**Exercise directions**
Only the lines from the one bearing "Niagara communities mayors sign MOU" through the end of the entries should be output, exactly as they stand, and pictures should be skipped.

(Extracted records begins)

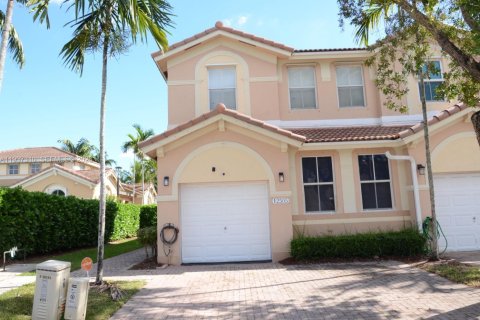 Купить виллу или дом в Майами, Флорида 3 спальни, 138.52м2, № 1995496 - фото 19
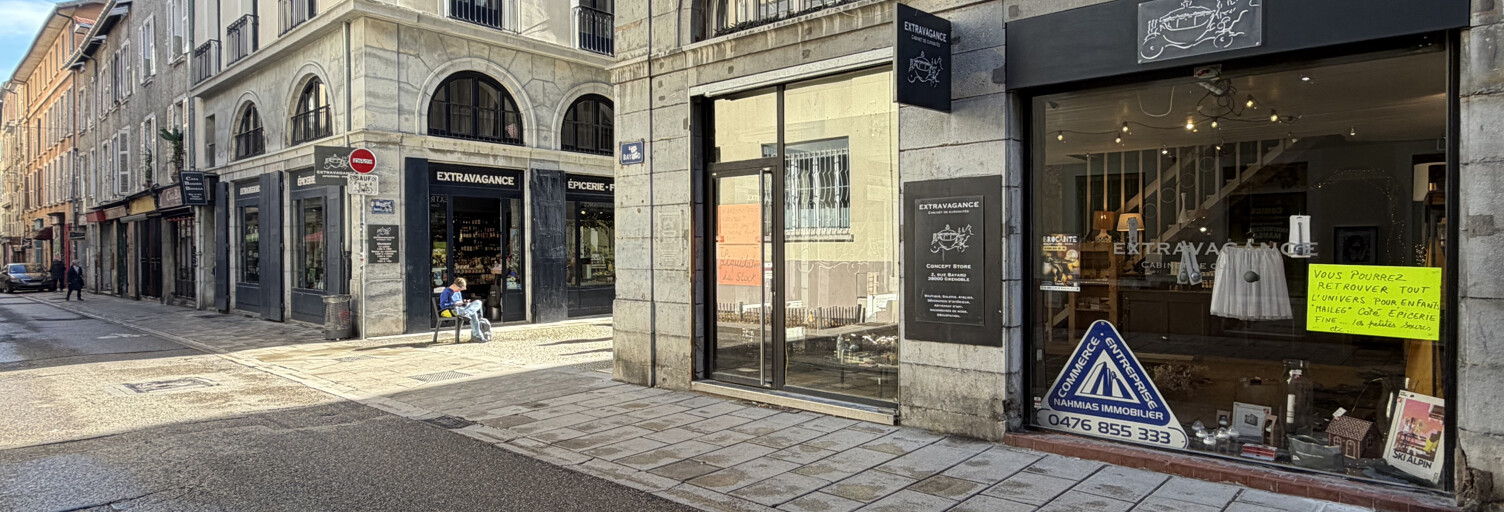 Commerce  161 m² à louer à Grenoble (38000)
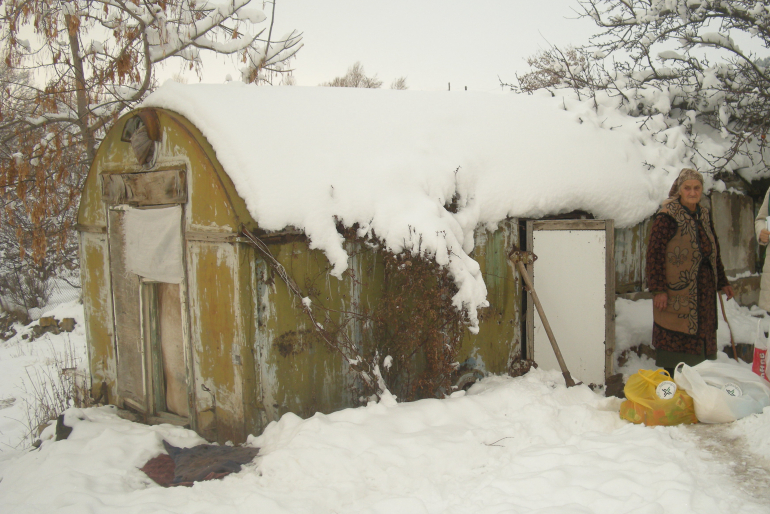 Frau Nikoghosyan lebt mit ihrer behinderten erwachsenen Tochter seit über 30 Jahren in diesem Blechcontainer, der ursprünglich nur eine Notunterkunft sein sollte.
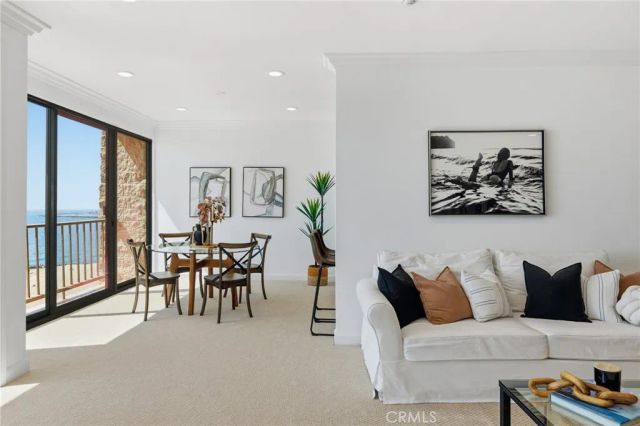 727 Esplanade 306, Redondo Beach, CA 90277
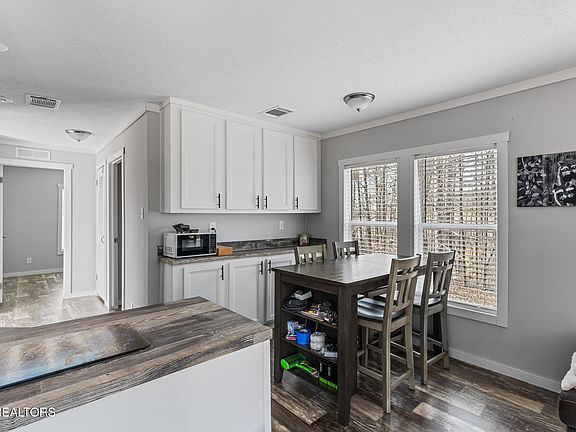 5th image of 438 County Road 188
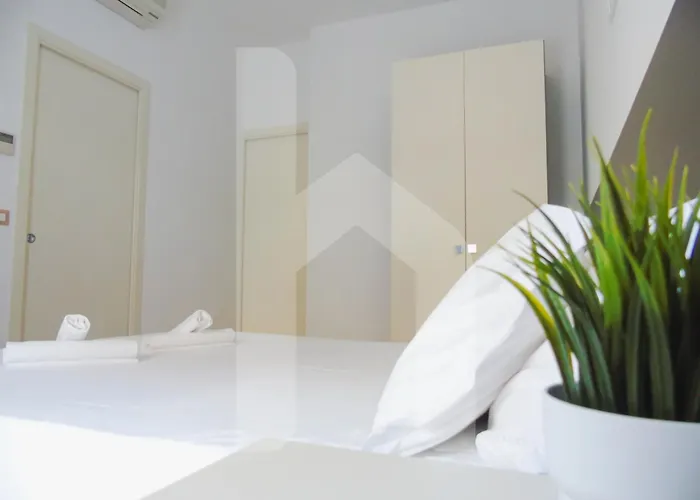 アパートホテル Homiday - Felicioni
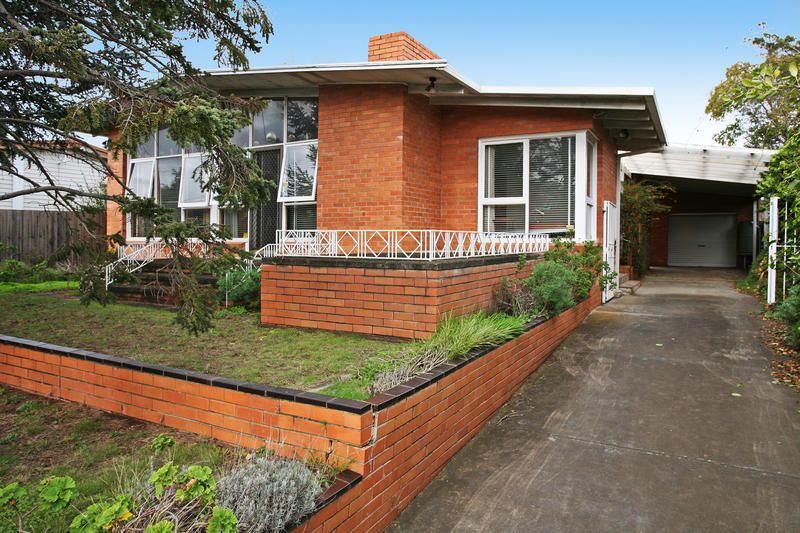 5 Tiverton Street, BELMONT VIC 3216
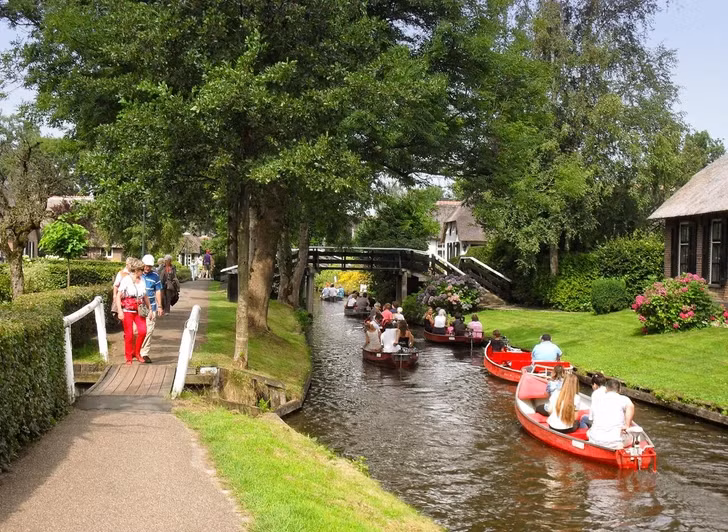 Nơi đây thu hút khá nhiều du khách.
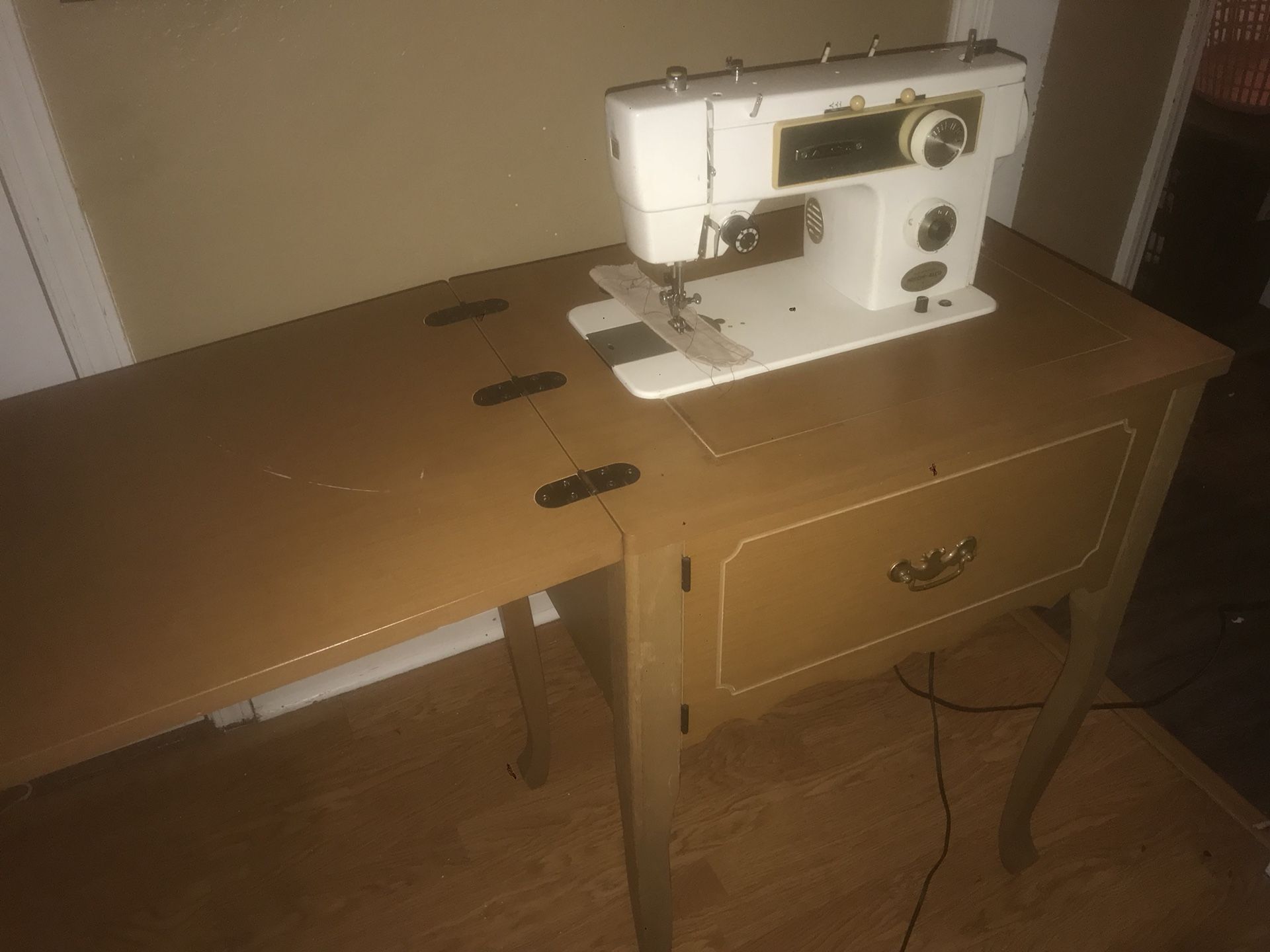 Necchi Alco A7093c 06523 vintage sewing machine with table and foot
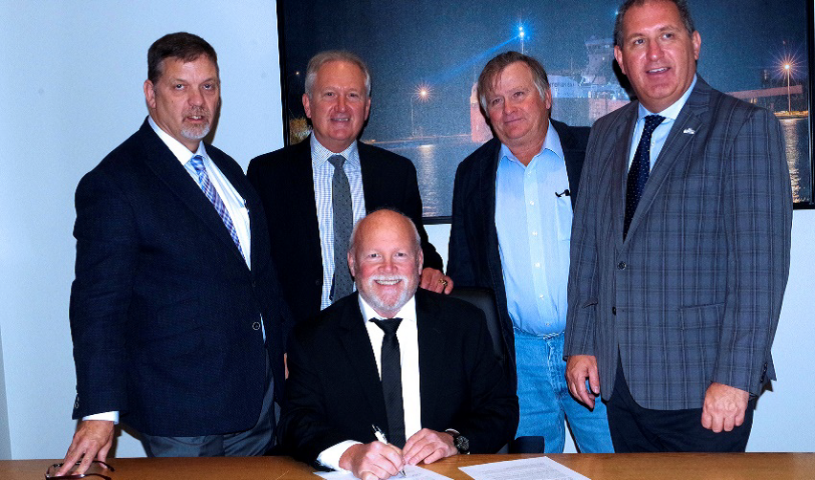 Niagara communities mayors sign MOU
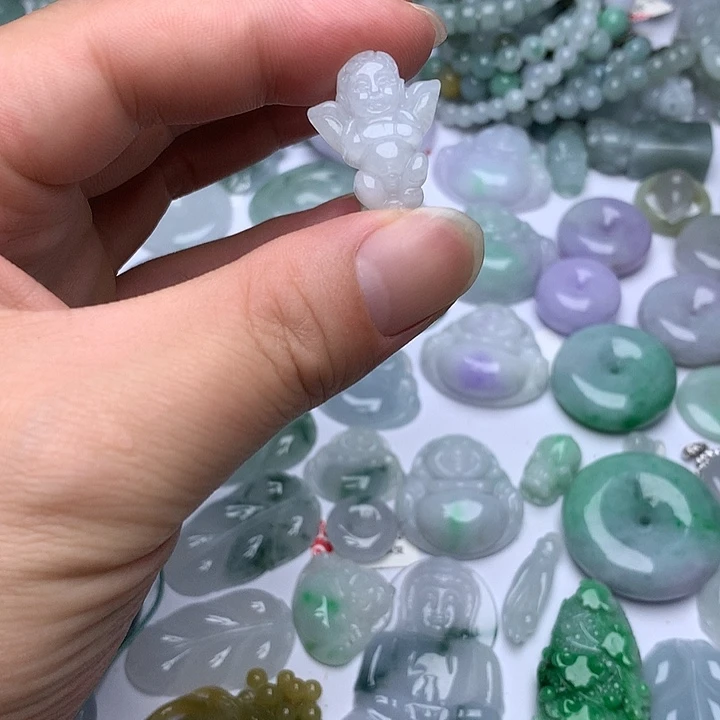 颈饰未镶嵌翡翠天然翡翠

(Extracted records ends)

**Answer below**
 Niagara communities mayors sign MOU
 颈饰未镶嵌翡翠天然翡翠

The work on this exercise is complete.